▶ _Information_:
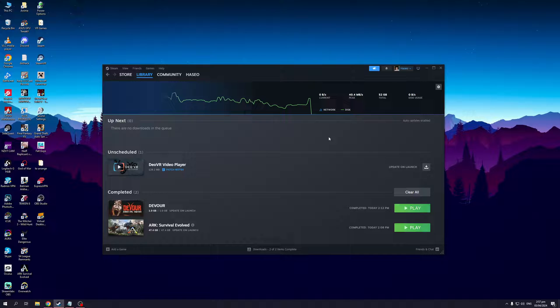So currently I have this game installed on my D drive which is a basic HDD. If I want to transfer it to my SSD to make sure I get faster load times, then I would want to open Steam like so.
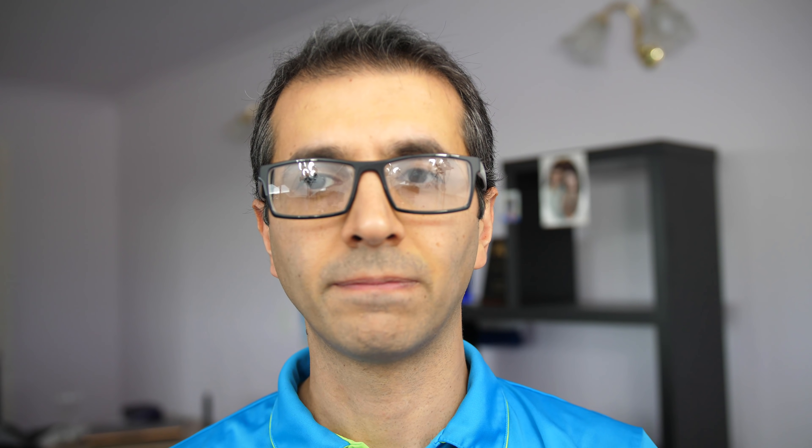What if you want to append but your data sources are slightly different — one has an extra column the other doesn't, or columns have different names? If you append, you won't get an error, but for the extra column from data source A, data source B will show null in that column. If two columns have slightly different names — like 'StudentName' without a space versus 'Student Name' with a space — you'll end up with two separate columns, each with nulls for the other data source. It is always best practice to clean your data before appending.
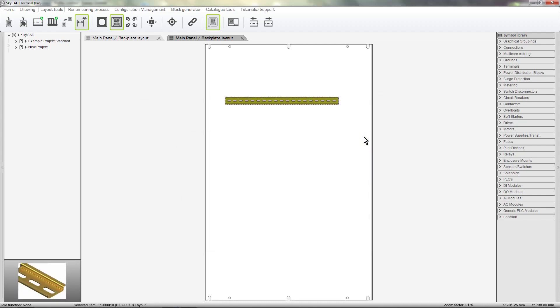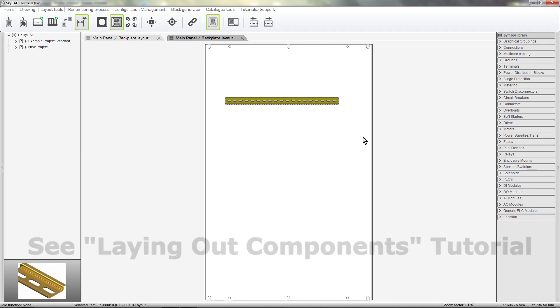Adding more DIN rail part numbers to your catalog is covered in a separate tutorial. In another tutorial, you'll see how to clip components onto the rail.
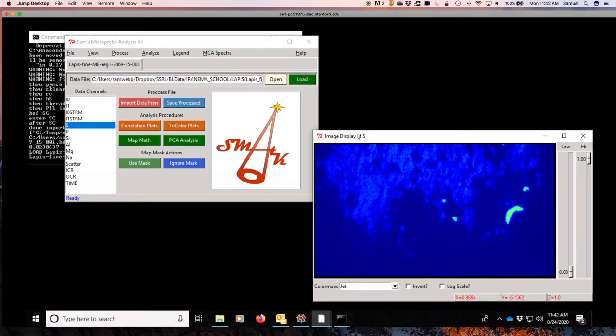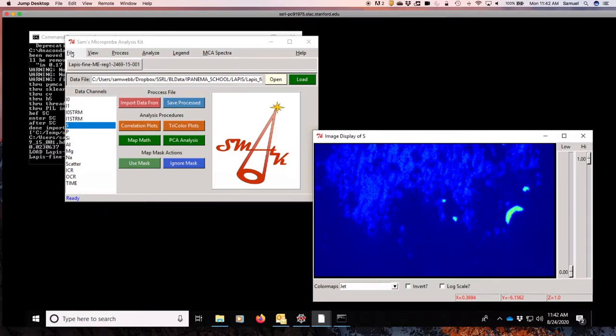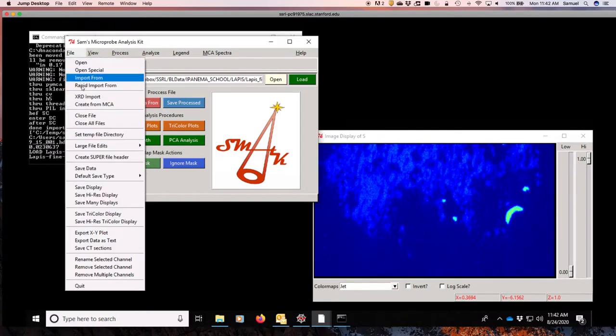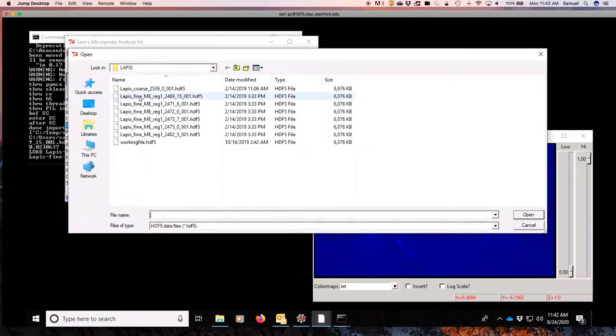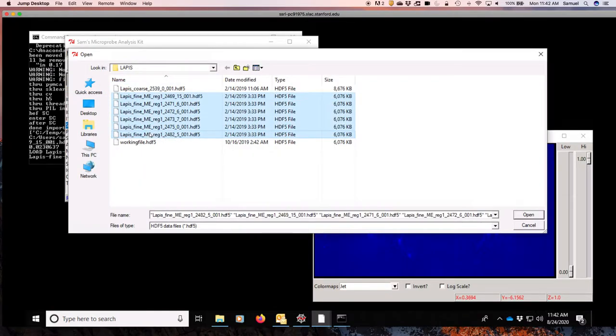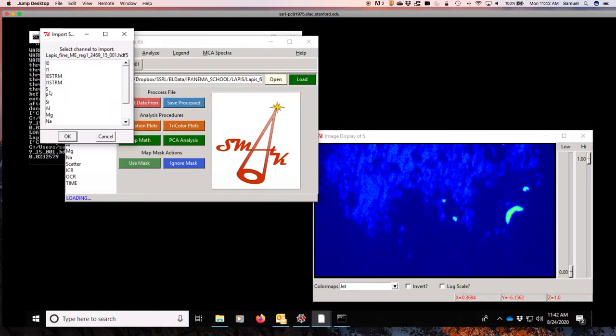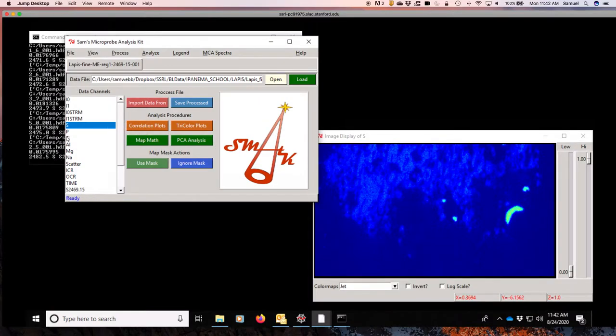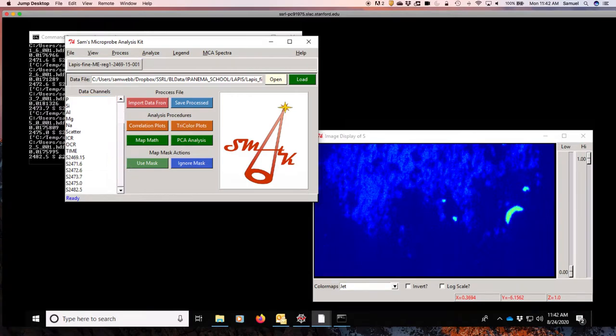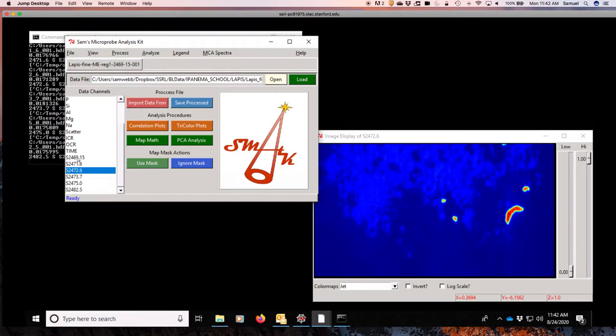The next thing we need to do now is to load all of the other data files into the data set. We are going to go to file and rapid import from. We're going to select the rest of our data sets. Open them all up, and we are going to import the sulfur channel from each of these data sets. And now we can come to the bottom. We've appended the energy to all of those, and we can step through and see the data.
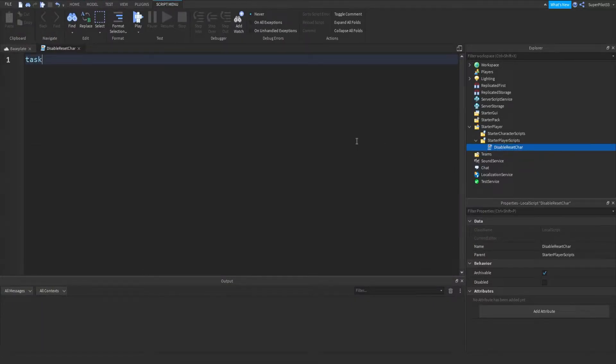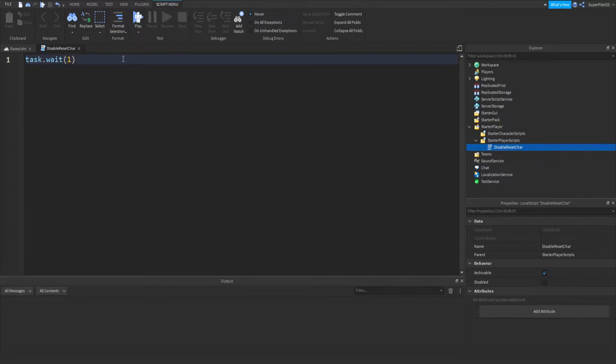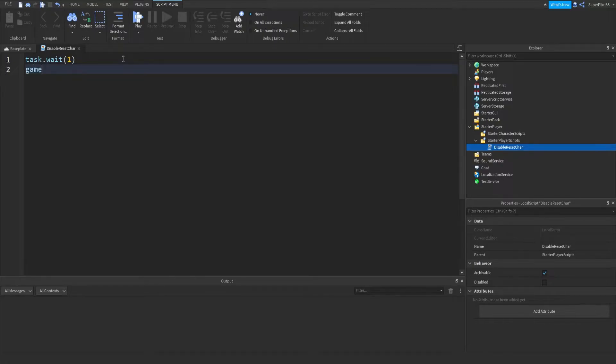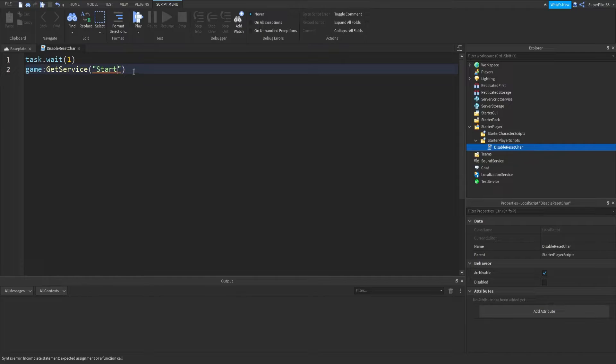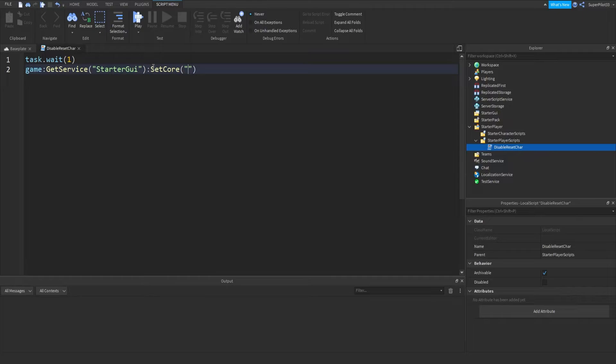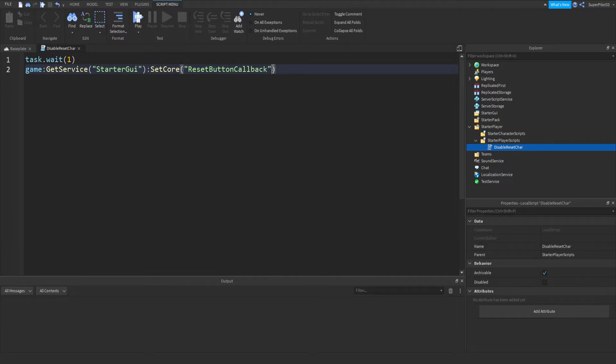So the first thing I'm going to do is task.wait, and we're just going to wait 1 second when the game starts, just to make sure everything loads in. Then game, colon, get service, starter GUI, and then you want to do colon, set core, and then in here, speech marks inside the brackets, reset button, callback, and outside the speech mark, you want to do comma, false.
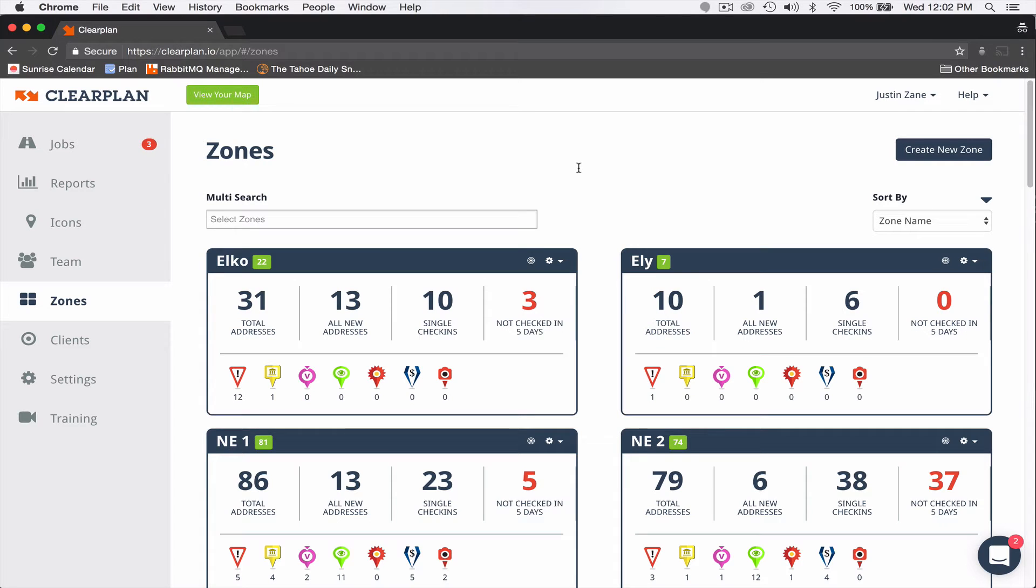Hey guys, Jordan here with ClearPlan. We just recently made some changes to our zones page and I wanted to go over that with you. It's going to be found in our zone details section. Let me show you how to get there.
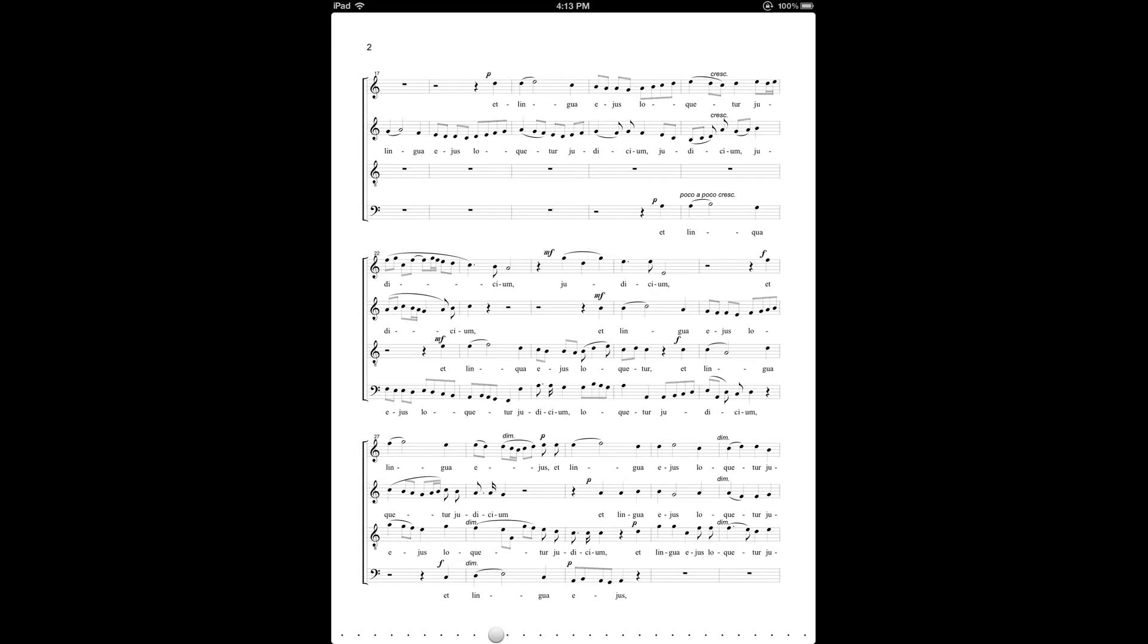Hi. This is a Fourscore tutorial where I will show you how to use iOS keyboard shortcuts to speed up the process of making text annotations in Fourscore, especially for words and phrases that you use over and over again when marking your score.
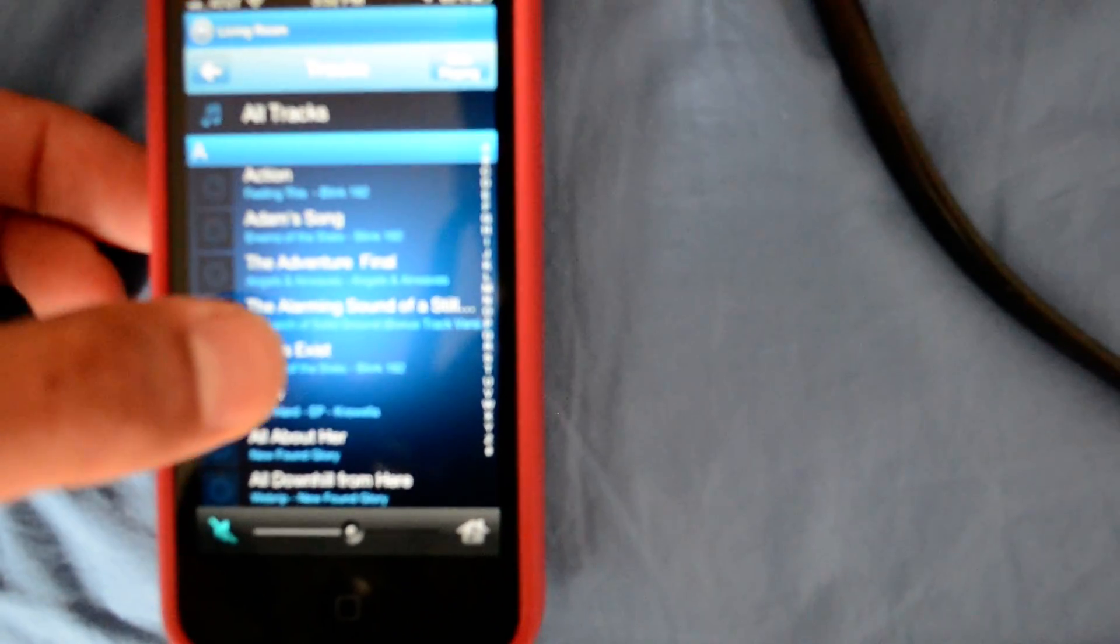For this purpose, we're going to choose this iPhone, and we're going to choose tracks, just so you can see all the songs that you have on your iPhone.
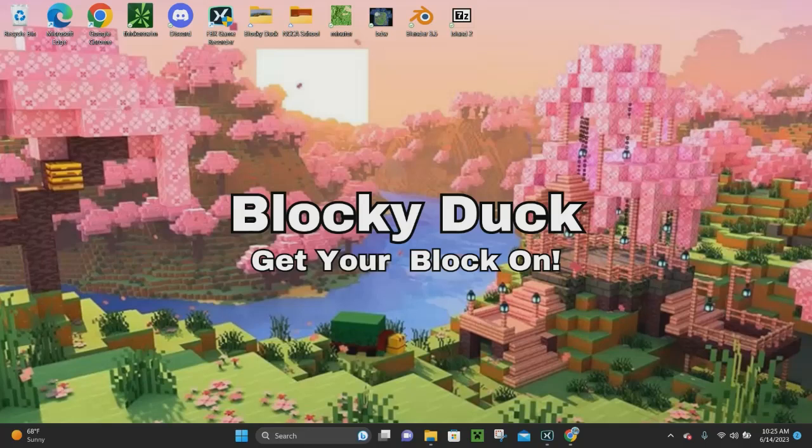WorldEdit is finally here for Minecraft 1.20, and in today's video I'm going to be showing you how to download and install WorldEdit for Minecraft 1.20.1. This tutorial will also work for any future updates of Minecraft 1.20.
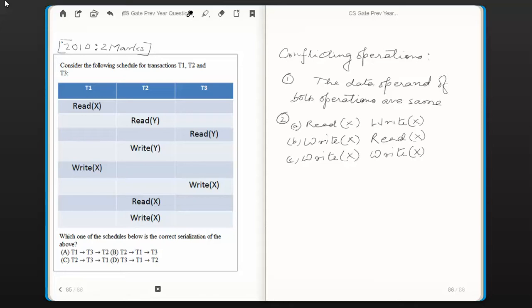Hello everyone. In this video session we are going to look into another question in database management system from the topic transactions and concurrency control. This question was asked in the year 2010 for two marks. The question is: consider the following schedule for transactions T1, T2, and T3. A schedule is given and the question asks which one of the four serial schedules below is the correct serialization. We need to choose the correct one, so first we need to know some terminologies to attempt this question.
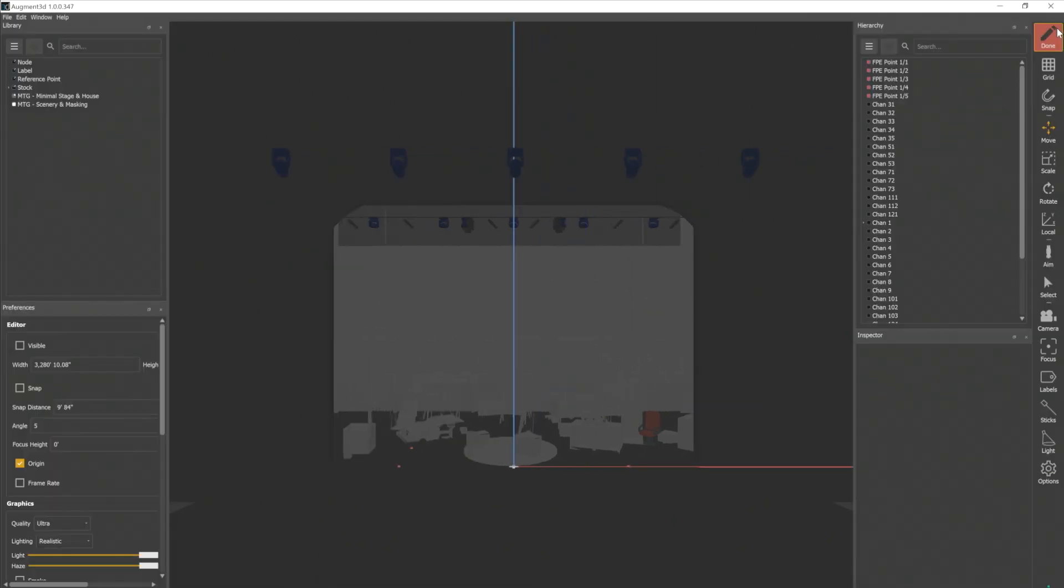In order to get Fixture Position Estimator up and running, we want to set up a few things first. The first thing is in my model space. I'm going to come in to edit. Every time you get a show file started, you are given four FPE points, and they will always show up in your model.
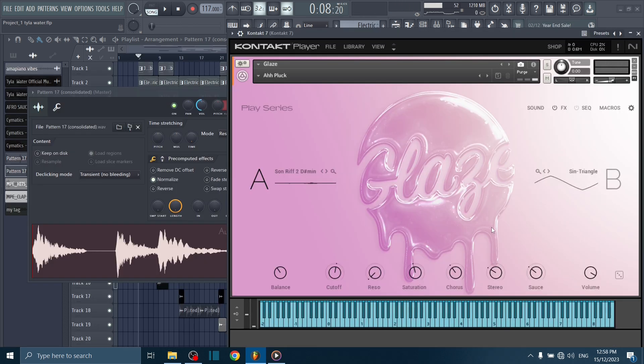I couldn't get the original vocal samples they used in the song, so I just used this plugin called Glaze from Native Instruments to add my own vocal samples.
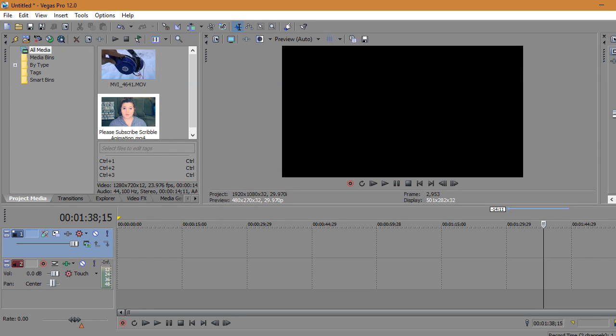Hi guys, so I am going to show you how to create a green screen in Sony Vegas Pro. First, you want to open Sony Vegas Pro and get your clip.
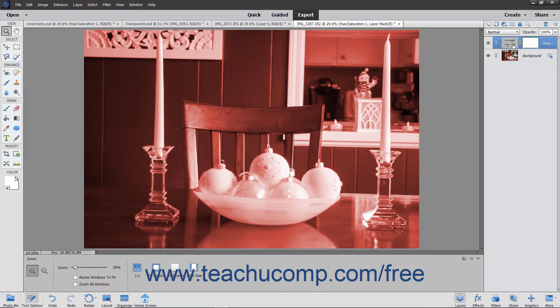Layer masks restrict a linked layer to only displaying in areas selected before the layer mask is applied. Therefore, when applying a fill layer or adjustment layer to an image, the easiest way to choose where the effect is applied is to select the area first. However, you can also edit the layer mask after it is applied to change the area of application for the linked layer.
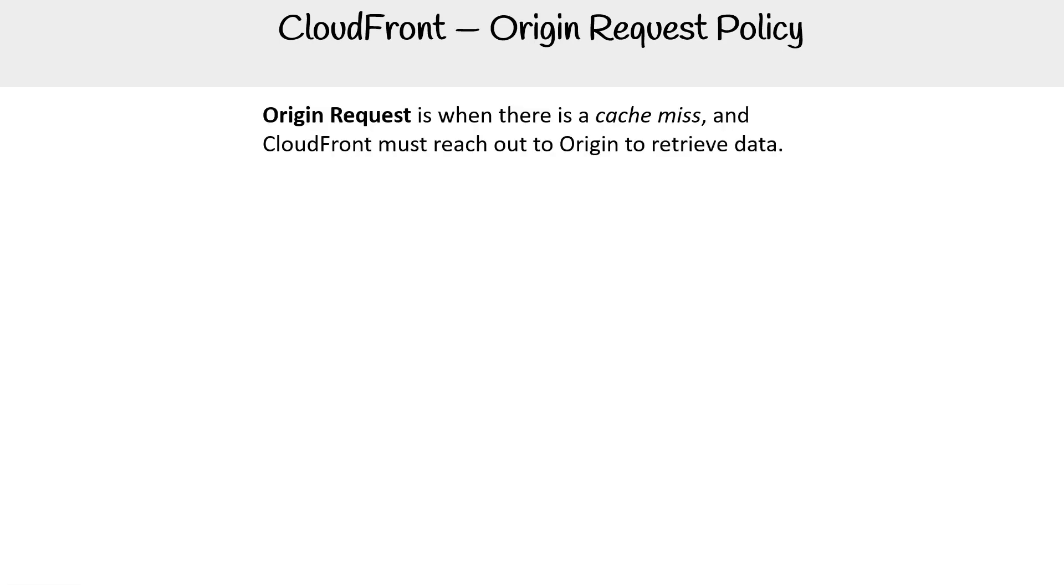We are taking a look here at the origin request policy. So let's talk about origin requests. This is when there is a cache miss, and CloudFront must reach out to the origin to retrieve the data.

▶ _About this exercise_: Return the lines exactly as they stand, from the start of the entries through the line holding "The next thing"; omit the pictures.

▶ _Your solution_:
So currently I have this game installed on my D drive which is a basic HDD. If I want to transfer it to my SSD to make sure I get faster load times, then I would want to open Steam like so.
What if you want to append but your data sources are slightly different — one has an extra column the other doesn't, or columns have different names? If you append, you won't get an error, but for the extra column from data source A, data source B will show null in that column. If two columns have slightly different names — like 'StudentName' without a space versus 'Student Name' with a space — you'll end up with two separate columns, each with nulls for the other data source. It is always best practice to clean your data before appending.
Adding more DIN rail part numbers to your catalog is covered in a separate tutorial. In another tutorial, you'll see how to clip components onto the rail.
The next thing we need to do now is to load all of the other data files into the data set. We are going to go to file and rapid import from. We're going to select the rest of our data sets. Open them all up, and we are going to import the sulfur channel from each of these data sets. And now we can come to the bottom. We've appended the energy to all of those, and we can step through and see the data.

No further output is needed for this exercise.